Durante una qualsiasi esistenza terrena, succede a tutti, prima o poi, d'imbattersi in scalinate bianche di tedio e rimpianti mal tollerati, illuminate da raggi cosmici estremamente obliqui, e di sovrapporvi la propria immagine, accarezzata e respinta, replicando la postura dislettica di chi, per attraversare un fiume in piena, si assoggetta ad alimentare ricordi spaventosi.
Sorge, allora, la tentazione irresistibile di contorcersi la mente, per combaciare la ricerca d'un aroma inconsueto con la confusione provocata dalla vista di scacchiere a cui manchino colori alternati.
Con approssimazione suggestiva ma incoerente, si decide d'accovacciarsi al sommo della piramide, e, tentando di contenere riflessi intravisti specchiandosi in qualcun'altro, ci s'affanna a colpire realtá dense e compatte, che costituiscono memorie aeree, equiparabili a variegati pomeriggi d'autunno.

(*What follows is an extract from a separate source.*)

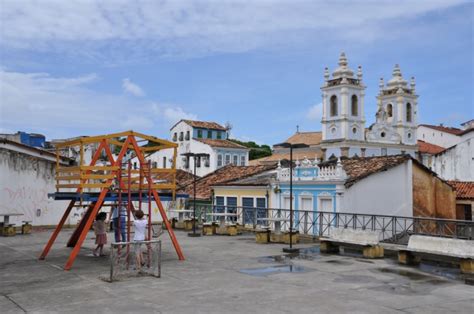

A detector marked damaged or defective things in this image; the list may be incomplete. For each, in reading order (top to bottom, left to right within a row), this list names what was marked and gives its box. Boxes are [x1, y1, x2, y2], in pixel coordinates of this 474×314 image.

peeling paint wall [0, 149, 82, 226]
peeling paint wall [412, 162, 456, 218]
cracked concrete [0, 229, 474, 312]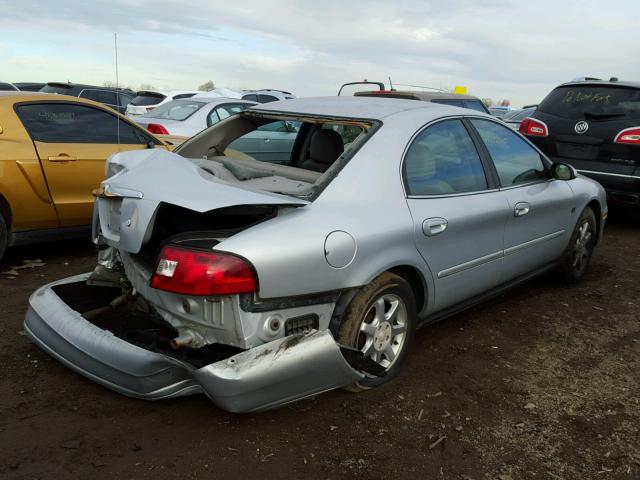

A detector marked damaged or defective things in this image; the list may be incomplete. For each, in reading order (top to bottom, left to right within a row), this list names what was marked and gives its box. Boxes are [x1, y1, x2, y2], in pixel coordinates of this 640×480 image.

All'interno di contorni depurati, lacunosi soltanto quando testimoniano mancanza d'autenticitá e tenerezza, il marasma si coagula in tubi d'argento, che trasportano risorse d'energia vitale, provenienti dalla sorgente inesauribile alimentata da sogni e visioni rigogliose.
Ed, anche se riesce difficile crederlo, si delineano i confini del proprio essere, mentre il cielo s'abbassa per sigillarli ed appropriarsene, trasformandoli in una canzone penetrante, unguento balsamico, da applicare a ferite mascherate ed inafferrabili, sussurri ossessionanti emessi degli altoparlanti del tempo.